Everyone agrees that the online medium has made marketing more accountable, which is a good thing for business. In the early days, the ability to measure clicks was a revolutionary and welcome concept for advertisers, and it promised to turn the medium into a direct marketer’s dream.

When click-through rates dropped and then stabilized, some naysayers worried about the demise of online advertising. Soon, the branding debate took center stage, and online proponents rightfully noted that direct response is not the goal for all advertisers. Since then, reams of research have shown online advertising’s branding effectiveness. And recent DoubleClick research with Continental Airlines has shown that more conversions – sales or e-mail registrations – tend to happen over a 30-day window after someone sees but doesn’t click on an ad.

Accountability in online advertising has not gone away. Performance-based marketing plays a larger role, branding effectiveness has become easier to measure and click-throughs still matter to DMers.

Marketers are recognizing that achieving a more balanced mix is critical, and online advertising increasingly is finding a place at the table. Some think that the shift in information consumption is causing the effect of tried-and-true marketing tactics, such as broadcast media and print advertising, to diminish. This is good news for online advertising.

So while broadcast media continues to lead in creating awareness, with notable exceptions in travel and personal finance, online marketing and Web sites are having an effect on the research and purchase-decision phases of the process. Where else would a marketer want to be than where customers make their actual purchase decisions?

Studies also show that online campaigns can drive offline sales, so more marketers are reallocating dollars to online advertising. Marketers not only are more willing to spend money online, they are increasing investment in newer, more creative ways to get their message across, including half-page ads, rich media and full-motion video.

Down the Road

First, expect ad formats to become larger and more engaging. The average ad area is now 71,834 pixels. In comparison, the standard banner is 26,280 pixels. Rich media use, long hampered by slow connectivity, is a growth story, with 39 percent of all U.S. users logging on through broadband in 2003, according to Nielsen//NetRatings.

Today, rich media accounts for more than 42 percent of DoubleClick’s ad inventory on the Web and has proven more effective in conversions and branding than non-rich media.

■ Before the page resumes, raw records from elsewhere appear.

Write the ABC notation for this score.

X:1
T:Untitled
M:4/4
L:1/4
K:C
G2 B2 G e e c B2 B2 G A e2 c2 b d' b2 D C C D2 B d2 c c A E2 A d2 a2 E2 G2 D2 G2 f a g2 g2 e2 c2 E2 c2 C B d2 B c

Another growth story is performance-based advertising, a relatively risk-free proposition for marketers. Notable among such vehicles are affiliate marketing, which sends traffic from content sites to relevant retailers and typically drives 5 percent to 20 percent of their online sales, and search engine marketing, which has attracted much attention and elicited optimistic growth projections. Note that search marketing’s increasing complexity drives the need for technologies such as keyword bid management and optimization.

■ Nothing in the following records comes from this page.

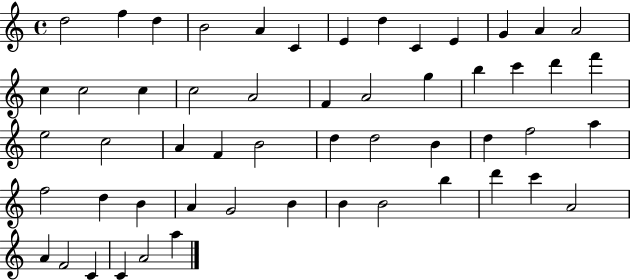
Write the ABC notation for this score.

X:1
T:Untitled
M:4/4
L:1/4
K:C
d2 f d B2 A C E d C E G A A2 c c2 c c2 A2 F A2 g b c' d' f' e2 c2 A F B2 d d2 B d f2 a f2 d B A G2 B B B2 b d' c' A2 A F2 C C A2 a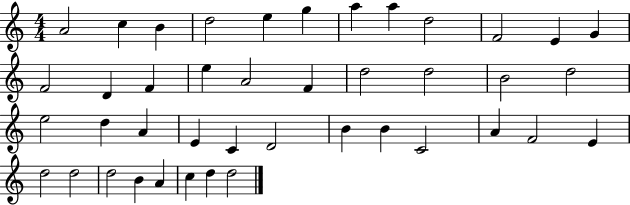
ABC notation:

Also, it’s safe to predict that advanced targeting and campaign optimization will play a bigger role over the next several years.

So with new dimensions to online advertising, will the standard banner go away? Unlikely. It is an easy size to implement, many publishers have configured their pages to incorporate them and pure direct response advertisers tend to buy these types of units in bulk from inventory aggregators. It likely will stay a classic amid newer alternatives, some of which we have yet to imagine.